→ The data:
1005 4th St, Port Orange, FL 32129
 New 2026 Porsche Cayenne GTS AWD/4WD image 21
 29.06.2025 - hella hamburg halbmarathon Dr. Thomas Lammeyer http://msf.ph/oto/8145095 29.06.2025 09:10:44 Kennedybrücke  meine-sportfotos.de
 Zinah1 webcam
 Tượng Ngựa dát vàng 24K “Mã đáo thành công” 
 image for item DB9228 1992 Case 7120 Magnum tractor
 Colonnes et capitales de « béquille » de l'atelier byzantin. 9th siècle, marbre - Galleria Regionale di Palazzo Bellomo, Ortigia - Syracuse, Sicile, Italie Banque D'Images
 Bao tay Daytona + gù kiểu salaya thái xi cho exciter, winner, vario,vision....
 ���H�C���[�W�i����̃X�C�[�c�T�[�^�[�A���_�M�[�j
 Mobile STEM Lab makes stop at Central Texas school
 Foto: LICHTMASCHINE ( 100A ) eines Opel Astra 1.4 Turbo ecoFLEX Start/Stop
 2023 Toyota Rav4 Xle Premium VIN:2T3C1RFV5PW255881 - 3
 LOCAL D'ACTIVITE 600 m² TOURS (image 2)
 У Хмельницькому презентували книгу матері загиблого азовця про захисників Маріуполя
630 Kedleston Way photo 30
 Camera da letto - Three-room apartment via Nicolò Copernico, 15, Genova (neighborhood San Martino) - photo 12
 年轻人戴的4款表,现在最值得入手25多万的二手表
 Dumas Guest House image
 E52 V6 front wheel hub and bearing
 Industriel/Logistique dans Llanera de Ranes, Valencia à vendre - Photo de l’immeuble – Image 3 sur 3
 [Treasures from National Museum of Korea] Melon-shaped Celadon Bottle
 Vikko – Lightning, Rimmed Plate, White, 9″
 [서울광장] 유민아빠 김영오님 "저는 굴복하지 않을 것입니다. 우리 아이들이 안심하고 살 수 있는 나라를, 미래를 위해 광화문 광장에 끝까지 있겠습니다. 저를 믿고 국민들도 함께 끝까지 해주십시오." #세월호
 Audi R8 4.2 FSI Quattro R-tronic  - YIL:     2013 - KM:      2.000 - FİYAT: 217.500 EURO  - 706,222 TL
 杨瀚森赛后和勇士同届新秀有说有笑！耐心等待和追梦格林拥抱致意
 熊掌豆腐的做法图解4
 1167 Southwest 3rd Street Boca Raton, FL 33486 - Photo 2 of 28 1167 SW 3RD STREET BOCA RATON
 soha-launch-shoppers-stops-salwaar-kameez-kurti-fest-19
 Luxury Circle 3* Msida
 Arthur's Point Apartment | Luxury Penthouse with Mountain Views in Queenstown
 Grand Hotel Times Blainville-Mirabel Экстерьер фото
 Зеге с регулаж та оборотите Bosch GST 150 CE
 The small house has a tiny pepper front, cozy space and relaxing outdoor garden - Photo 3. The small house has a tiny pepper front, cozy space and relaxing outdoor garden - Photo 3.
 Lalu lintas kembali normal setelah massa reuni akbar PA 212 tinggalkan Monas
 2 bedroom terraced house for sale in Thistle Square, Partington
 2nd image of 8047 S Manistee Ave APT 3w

→ What you will do:
Go line by line through the records above and copy each one containing "Luxury".

→ Solution to this exercise:
 Luxury Circle 3* Msida
 Arthur's Point Apartment | Luxury Penthouse with Mountain Views in Queenstown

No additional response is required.